A nut cooperating threadably with a helically threaded screw can be adjusted to specific locations axially along the screw, by and upon relative rotation of the nut and screw. Axial forces can further be generated by the axial advance of the nut along the screw, but as the axial forces are increased, the friction between the cooperating threads is also increased, making nut rotation on the screw more difficult and only upon using higher torquing forces.
In order to overcome friction between the sliding cooperating threads, commercial linear actuators utilize a ball-screw mechanism that axially keys the screw and follower together while providing a rolling support therebetween.

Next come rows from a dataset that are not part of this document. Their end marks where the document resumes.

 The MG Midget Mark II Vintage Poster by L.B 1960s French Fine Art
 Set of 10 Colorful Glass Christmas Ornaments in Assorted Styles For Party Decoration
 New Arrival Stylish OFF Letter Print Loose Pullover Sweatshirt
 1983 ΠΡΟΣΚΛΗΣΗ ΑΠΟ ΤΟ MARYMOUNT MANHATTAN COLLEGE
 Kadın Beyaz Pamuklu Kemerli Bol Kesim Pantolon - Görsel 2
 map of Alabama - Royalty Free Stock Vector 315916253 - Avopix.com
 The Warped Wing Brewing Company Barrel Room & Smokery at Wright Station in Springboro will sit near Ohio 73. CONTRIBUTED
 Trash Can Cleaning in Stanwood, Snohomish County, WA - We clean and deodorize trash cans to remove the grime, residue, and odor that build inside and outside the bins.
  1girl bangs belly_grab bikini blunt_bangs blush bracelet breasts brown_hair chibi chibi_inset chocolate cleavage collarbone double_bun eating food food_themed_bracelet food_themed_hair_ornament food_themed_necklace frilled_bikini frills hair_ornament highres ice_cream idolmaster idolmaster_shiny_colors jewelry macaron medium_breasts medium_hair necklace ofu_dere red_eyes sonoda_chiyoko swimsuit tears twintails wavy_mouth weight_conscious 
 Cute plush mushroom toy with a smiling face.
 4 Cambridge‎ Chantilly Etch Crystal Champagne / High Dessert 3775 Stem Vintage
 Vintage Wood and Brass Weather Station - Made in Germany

Such linear actuators will operate on reduced torque in providing relative screw-follower rotation and/or will provide for more efficient or easily generated axial forces or for smoother axial/rotational movements between the screw and follower, compared to direct sliding threads that generate high thread friction.
However, such typical linear actuators also provides several challenges or drawbacks, including: (1) the cooperating thread profile must be modified so that bearings balls can be fitted between the threads on the screw and follower, being more costly and/or more difficult to inventory to satisfy different specific applications; (2) the follower is free wheeling on the screw, requiring that many applications might need some form of locking mechanism to hold the instantaneous actuator position fast in the event of loss of actuating electrical power or the like; (3) the ball contact with the adjacent threads is across a point or small localized area, generating concentrated mechanical stresses against the threads that might damage them unless such were made of costly hardened materials, particularly when the linear drive is generating large axial forces between the screw and follower; and (4) routing mechanism spaced from the threads is needed to return the bearing balls from one follower end to the other to follower end, providing for an endless availability of balls to have only ball rotation between the threads, but again adding both size and costs to the linear drive.
The invention to be disclosed herein deviates from the noted approach, and advantageously utilizes the fact that friction between sliding threads of cooperating screw and nut components, and the force needed to turn the nut on the screw, increase and decrease as the axial load or force between the component threads are respectively increased and decreased.